Well, I don’t have to run that algorithm today, because the great folks over at Bloomberg already did, and I am going to share some of those results with you. Check out this chart and follow me to the finish.

Bloomberg economists ran all these FOMC meeting minutes through natural language processing algorithms and searched for phrases that were like “upside risk” and “downside risk” related to the economy and tallied them up. Now, you understand what “downside risk” means when it comes to the economy right? Think recession. Well, think of “upside risk” as the economy running too hotly and causing more inflation. On this chart you can see how Fed members were clearly worried about the economy declining through early 2021 when suddenly they started to fathom “upside risk” or more inflationary pressure. By the end of last year, AND ALL THOSE RATE HIKES, the risk perception appeared all on the downside. In the last 5 meetings you can see how “upside risk” made its return and began to grow (white bars). HOWEVER, you can also see that “downside risk” grew almost symmetrically with “upside risk,” and there is only one way to interpret that. The Fed is on the fence on whether the economy is going to fall apart or whether it is going to heat up again and foil all their plans to kill inflation. So, then, it’s anything goes with rates? Not so fast. Put down the computer, Poindexter, and maybe read the minutes from the meeting, you know, the old-fashioned way. If you did, you would note that Fed members believe that rates are sufficiently restricting the economy. That means, for now, rates may not have to go higher. Computers, AI, algorithms, and so on are fantastic tools, but at the end of the day, your reading glasses are probably the ones you should rely on most, and I am told that apples, indeed, are good for your health… in moderation, of course.

WHAT’S HAPPENING BEFORE THE MORNING BELL

Domino’s Pizza Inc (DPZ) shares are lower by -2.48 in the premarket after it announced that it missed Revenue targets by -2.27% in the past quarter. In the past months, 30% of analysts have modified their price targets, 3 up, 5 down, and 18 unchanged. Dividend yield: 1.36%. Potential average analyst upside: +16.6%.

Target Corp (TGT) shares are higher by +2.81% in the premarket after BofA upgraded its rating to BUY after its recent pullback.
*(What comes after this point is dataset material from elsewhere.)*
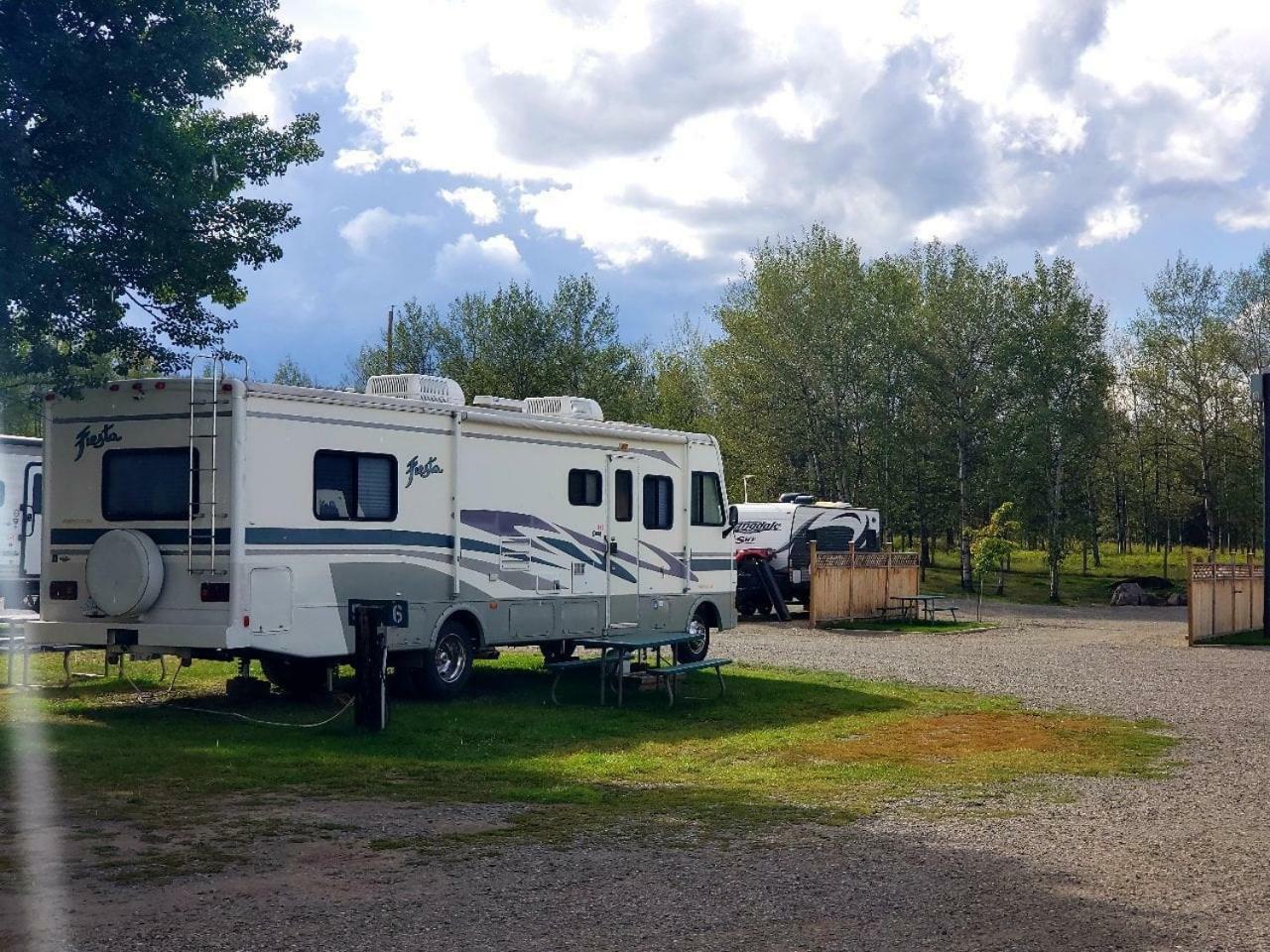 100 Mile Motel & Rv Park 100 Mile House ภายนอก รูปภาพ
BofA raised its price to $135 from $120. The company is expected to release earnings on 11/16. Dividend yield: 4.03%. Potential average analyst upside: +35.8%.

YESTERDAY’S MARKETS

NEXT UP

  • Consumer Price Index / CPI (Sept) is expected to come in at +3.6%, slightly down from last month's YoY change of +3.7%.
  • Initial Jobless Claims (Oct 7) is expected to come in at 210k, higher than last week’s 207k claims.
  • Fed speakers today: Logan, Bostic, and Collins.